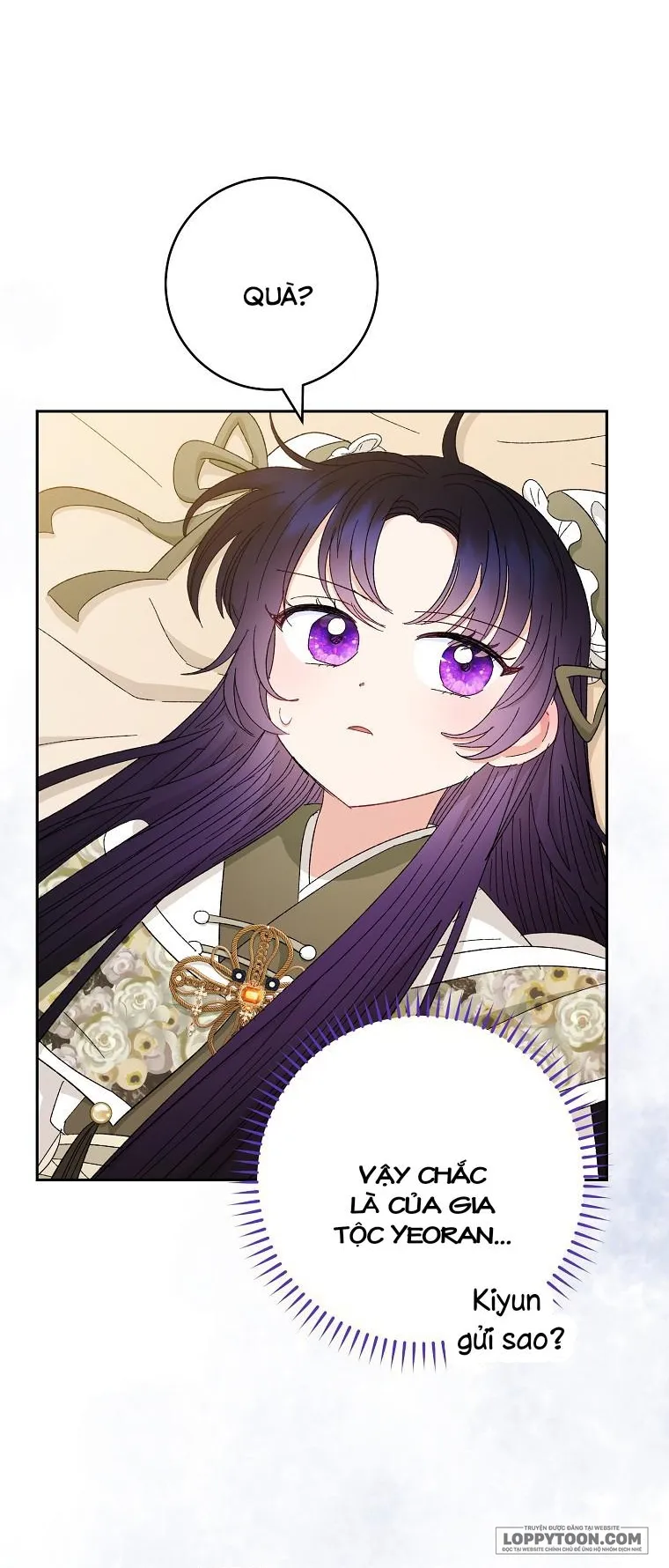 Tiểu Thiếp Chỉ Muốn Sống Yên Bình - Chap 10 - Trang 23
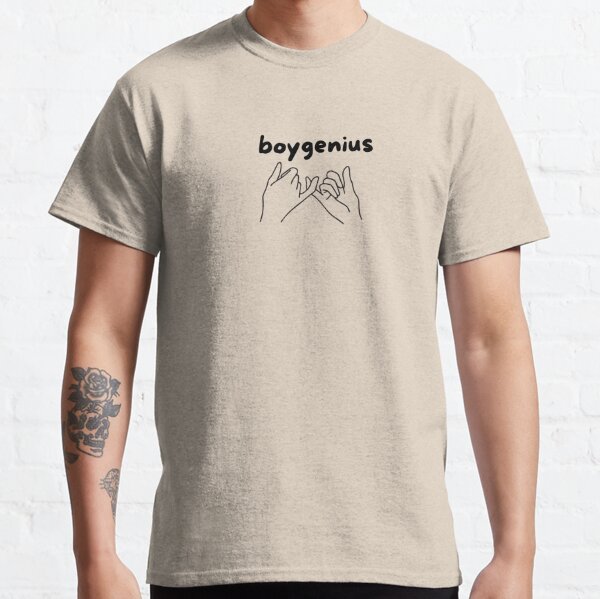 Boygenius band hands Classic T-Shirt RB0208 product Offical boygenius Merch
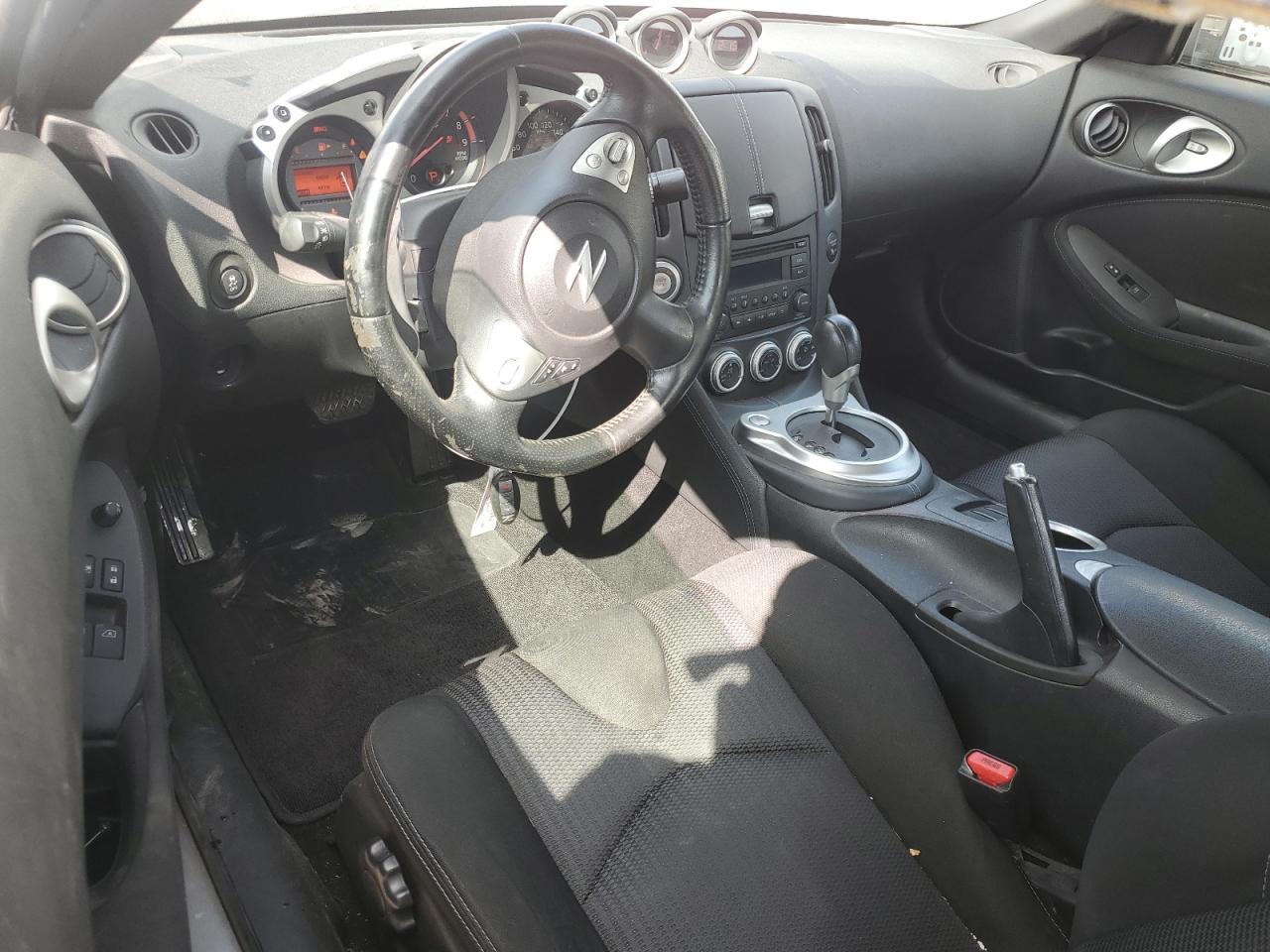 2015 Nissan 370Z Base VIN: JN1AZ4EH3FM440752 Lot: 87098005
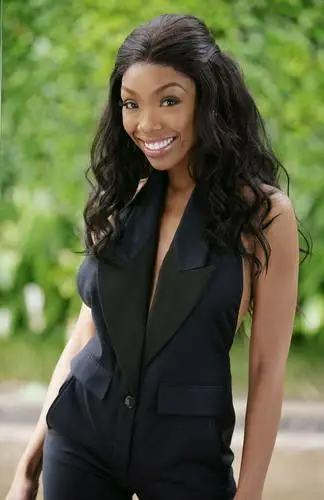 Brandy Norwood Wall Poster picture 347409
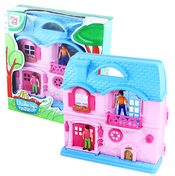 Domeček pro panenky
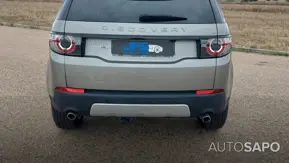 Land Rover Discovery Sport de 2018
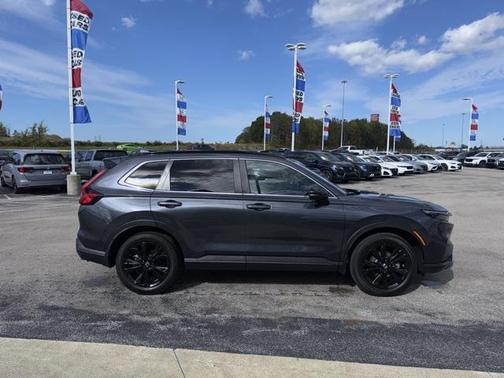 2023 Honda CR-V Hybrid Sport Touring AWD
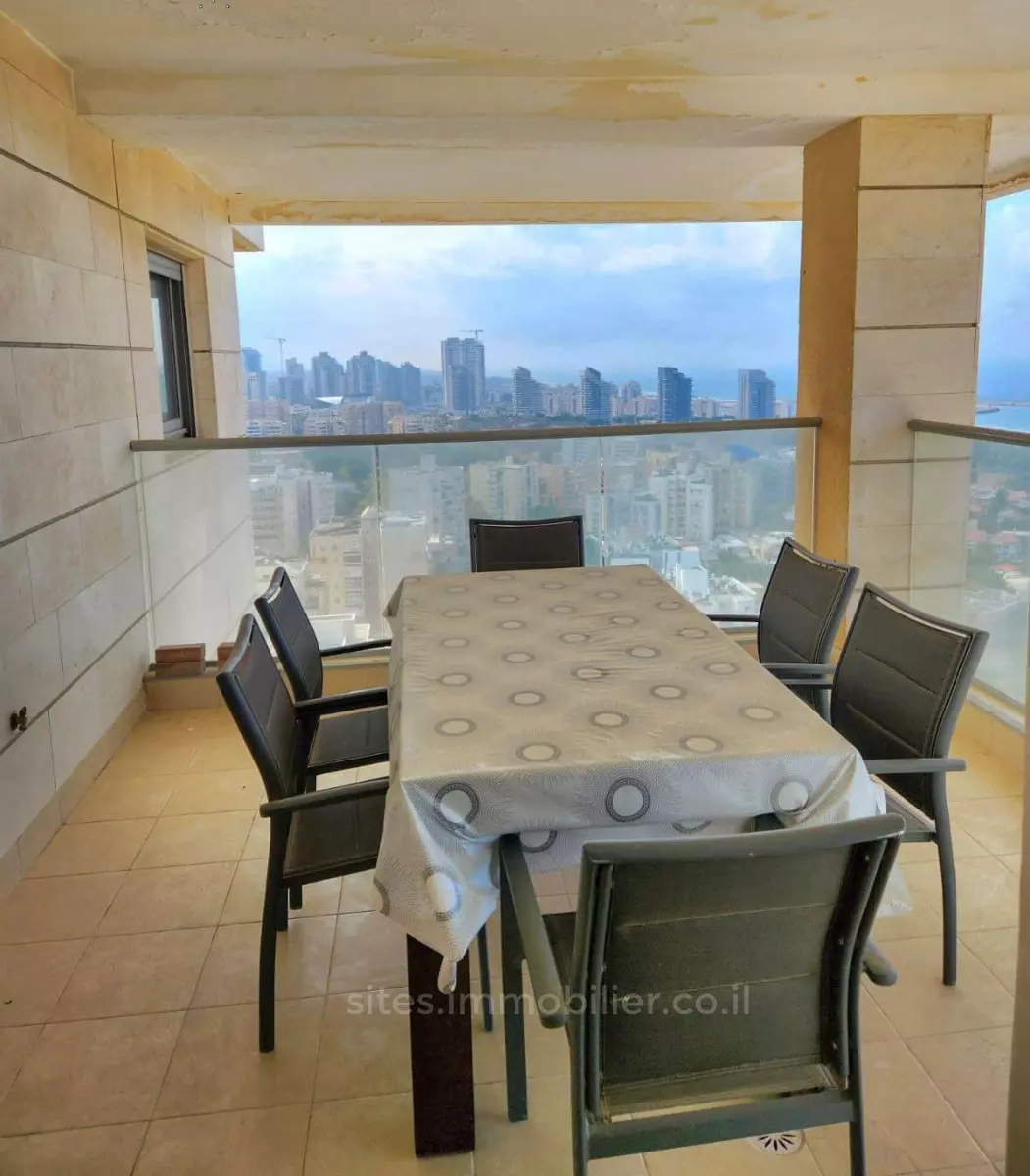 Appartement 4 pièces  Ashdod Dalet 457-IBL-1255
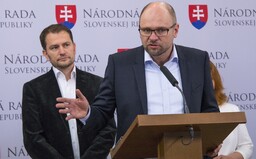 Richard Sulík už nechce reagovať na osobné útoky Igora Matoviča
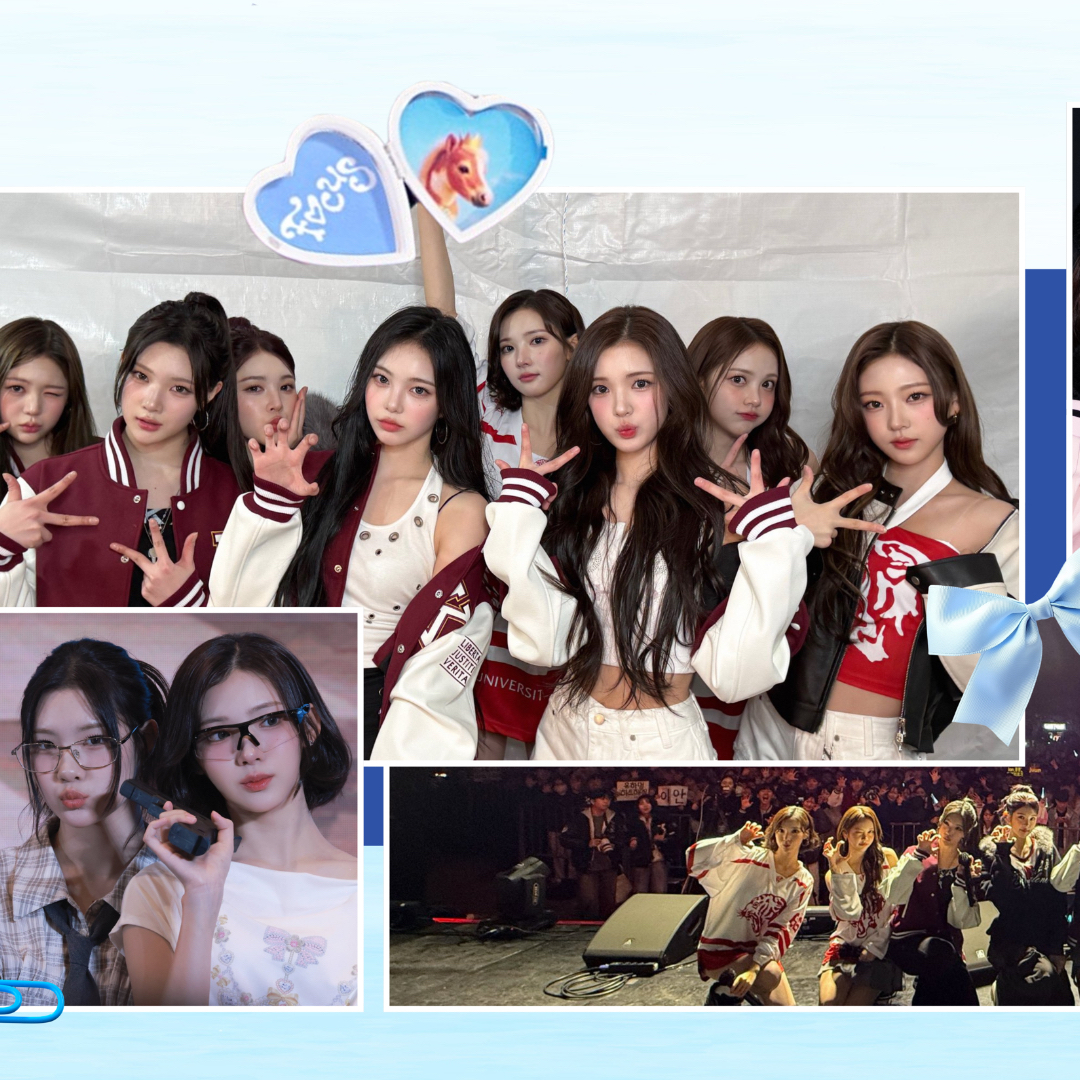 Recent activity shot of Hearts2Hearts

☆ ☆ ☆ ☆ ☆

> _WHAT TO WORK ON_:
Only the lines from the one containing "Appartement 4 pièces" through the last line of the entries above should be copied, exactly as they are and without the pictures.

> _ANSWER TO THIS TASK_:
 Appartement 4 pièces  Ashdod Dalet 457-IBL-1255
 Richard Sulík už nechce reagovať na osobné útoky Igora Matoviča
 Recent activity shot of Hearts2Hearts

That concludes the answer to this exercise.